**MATERIAL SUPPLIED:**
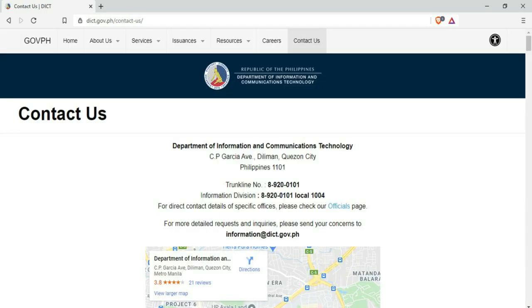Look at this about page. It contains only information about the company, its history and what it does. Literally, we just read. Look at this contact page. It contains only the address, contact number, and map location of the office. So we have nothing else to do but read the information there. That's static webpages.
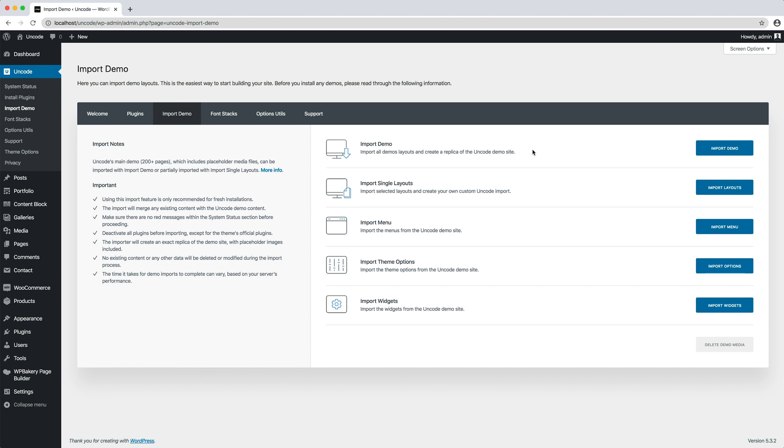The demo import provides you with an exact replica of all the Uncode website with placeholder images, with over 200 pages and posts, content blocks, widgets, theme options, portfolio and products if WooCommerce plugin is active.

...

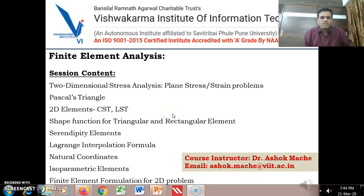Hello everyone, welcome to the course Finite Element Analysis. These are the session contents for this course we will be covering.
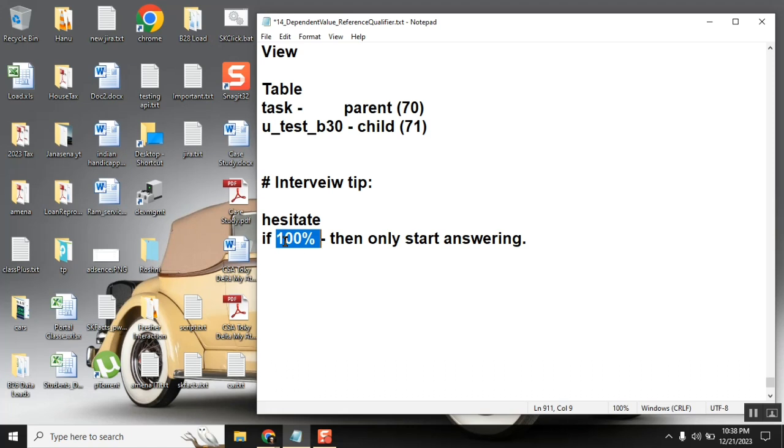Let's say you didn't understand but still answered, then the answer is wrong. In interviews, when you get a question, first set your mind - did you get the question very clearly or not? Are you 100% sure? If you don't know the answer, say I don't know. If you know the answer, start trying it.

**WORK REQUEST:**
Every line from the one with "Look at this about" through the one with "The demo import" is to be reproduced exactly as written above, and the pictures are to be dropped.

**ANSWER:**
Look at this about page. It contains only information about the company, its history and what it does. Literally, we just read. Look at this contact page. It contains only the address, contact number, and map location of the office. So we have nothing else to do but read the information there. That's static webpages.
The demo import provides you with an exact replica of all the Uncode website with placeholder images, with over 200 pages and posts, content blocks, widgets, theme options, portfolio and products if WooCommerce plugin is active.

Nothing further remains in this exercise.